Il en résulte une certaine hétérogénéité avec des parcelles à tendance hydromorphe alors que d’autres présentent un profil plus séchant. Le bassin laitier de la fruitière est composé d’un ensemble de petits villages comptant entre 100 et 200 habitants, dont la forme est typique des ensembles d’openfield. L’habitat est généralement groupé et étiré autour des axes principaux de circulation. L’habitat villageois ancien est constitué de fermes mitoyennes en bord de rue et à l’arrière desquelles se localisent des jardins et des vergers. Cependant, cette disposition initiale laisse entrevoir plusieurs évolutions. Tout d’abord, et depuis longtemps, quelques fermes se sont dispersées sur le territoire et s’organisent parfois en véritable hameau. A présent les bâtiments agricoles se construisent soit aux abords des villages, soit au sein du finage là où les exploitations disposent de leurs principaux blocs parcellaires. Enfin, des lotissements se sont ajoutés au bâti des villages et forment des îlots compacts occupés par des maisons individuelles récentes.

La présence de l’élevage bovin laitier est perceptible dans le paysage. Elle se lit autour de deux attributs. Les prairies, fauchées ou pâturées dans lesquelles s’observent selon les saisons, vaches, génisses et matériels de fenaison. Les bâtiments d’exploitation sont composés de stabulations modernes associées à de volumineux hangars de stockage des foins et regains. Ici le mode dominant de récolte est le système dit de “vrac” avec l’utilisation d’une remorque autochargeuse associée à un séchage en grange des récoltes. Dans les villages, les fermes traditionnelles aux belles façades en pierres calcaires beiges et aux portes de granges en arc avec une voûte en pierre de taille accueillent de moins en moins les vaches laitières. Les étables servent au mieux au logement hivernal des génisses et les granges deviennent des remises pour le matériel agricole.

Le terroir de la fruitière de Largillay permet de cultiver, en raison de son altitude moyenne et de la qualité de ses sols, des céréales destinées à l’alimentation des animaux. Ces cultures présentent de nombreux avantages : elles améliorent l’autonomie alimentaire des exploitations, fournissent de la paille indispensable pour les litières (et par là même pour les fumiers compostés qui en sont issus) et s’inscrivent dans une rotation par lesquelles elles sont remplacées par des prairies temporaires complexes composées de légumineuses et de graminées qui restent en place au moins une dizaine d’années.

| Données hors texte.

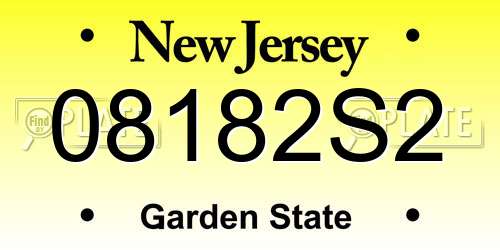 08182S2 New Jersey License Plate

Pour conclure, le paysage de la fruitière de Largillay s’inscrit dans un cadre de plateau ouvert, sur lequel l’agriculture constitue l’activité économique dominante et fondamentale. La pression foncière est principalement animée par les besoins des exploitations agricoles. Ces dernières disposent d’un foncier qui leur assure une bonne autonomie fourragère. Ainsi, elles adoptent une conduite à tendance extensive par laquelle elles cherchent à maîtriser au mieux leur autonomie fourragère. Ce type de pratique participe certainement à l’expression de la typicité de ce terroir dont les Comté ont été à plusieurs reprises récompensés par des médailles au concours général agricole de Paris.

*Finage : ensemble des terres nécessaires à la vie d’une communauté rurale.